[Supplied information Boundary: Start]

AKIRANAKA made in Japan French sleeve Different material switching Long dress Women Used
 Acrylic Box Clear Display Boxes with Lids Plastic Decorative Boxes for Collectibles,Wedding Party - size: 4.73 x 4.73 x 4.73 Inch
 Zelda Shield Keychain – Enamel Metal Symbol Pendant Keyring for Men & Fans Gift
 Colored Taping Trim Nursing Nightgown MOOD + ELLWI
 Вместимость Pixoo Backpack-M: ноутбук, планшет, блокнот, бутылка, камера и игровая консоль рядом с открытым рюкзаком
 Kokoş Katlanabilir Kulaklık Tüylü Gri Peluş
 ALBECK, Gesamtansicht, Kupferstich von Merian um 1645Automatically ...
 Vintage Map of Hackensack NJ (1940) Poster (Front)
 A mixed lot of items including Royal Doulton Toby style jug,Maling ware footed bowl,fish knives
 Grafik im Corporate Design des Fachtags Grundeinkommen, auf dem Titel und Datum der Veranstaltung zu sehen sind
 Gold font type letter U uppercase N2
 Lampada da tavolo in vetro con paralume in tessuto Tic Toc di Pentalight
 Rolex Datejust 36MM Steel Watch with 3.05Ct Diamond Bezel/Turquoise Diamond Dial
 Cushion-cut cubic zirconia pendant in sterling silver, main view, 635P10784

[Supplied information Boundary: End]

Exercise details: Count up the lines above in which the word "with" appears, and give nothing but that count.

Response to the task: 2